What you need to do> Identify every line in the records below that contains the word "from", and reproduce each one.

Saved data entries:
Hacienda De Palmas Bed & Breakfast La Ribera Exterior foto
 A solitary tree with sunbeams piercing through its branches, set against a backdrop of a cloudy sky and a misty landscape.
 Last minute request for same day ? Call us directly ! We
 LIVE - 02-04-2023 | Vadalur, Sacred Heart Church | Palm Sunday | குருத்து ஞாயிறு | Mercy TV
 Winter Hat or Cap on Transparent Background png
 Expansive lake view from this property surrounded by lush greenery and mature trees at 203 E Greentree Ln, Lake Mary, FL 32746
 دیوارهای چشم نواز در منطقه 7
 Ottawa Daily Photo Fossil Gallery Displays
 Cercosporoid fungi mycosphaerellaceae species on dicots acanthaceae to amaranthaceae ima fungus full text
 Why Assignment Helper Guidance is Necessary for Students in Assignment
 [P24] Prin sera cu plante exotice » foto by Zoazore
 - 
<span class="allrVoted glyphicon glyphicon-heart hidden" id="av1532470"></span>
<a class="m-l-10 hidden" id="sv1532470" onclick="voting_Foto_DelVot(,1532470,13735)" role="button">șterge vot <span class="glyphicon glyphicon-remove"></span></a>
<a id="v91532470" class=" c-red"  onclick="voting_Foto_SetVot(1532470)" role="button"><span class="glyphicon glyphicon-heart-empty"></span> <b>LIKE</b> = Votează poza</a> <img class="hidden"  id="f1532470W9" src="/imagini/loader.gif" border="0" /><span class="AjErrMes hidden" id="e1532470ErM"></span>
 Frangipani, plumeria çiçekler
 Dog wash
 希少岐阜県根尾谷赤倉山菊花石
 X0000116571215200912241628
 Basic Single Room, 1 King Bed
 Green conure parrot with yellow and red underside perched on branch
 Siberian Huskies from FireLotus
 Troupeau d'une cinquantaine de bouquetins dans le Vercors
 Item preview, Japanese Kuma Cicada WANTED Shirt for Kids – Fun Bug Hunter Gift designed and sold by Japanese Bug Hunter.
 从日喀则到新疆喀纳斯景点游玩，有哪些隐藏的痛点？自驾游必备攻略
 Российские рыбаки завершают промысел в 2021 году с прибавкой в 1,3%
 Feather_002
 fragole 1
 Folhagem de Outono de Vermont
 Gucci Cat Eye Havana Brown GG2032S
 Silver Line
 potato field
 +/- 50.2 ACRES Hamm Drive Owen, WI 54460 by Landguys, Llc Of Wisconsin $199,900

Written answer>
 Expansive lake view from this property surrounded by lush greenery and mature trees at 203 E Greentree Ln, Lake Mary, FL 32746
 Siberian Huskies from FireLotus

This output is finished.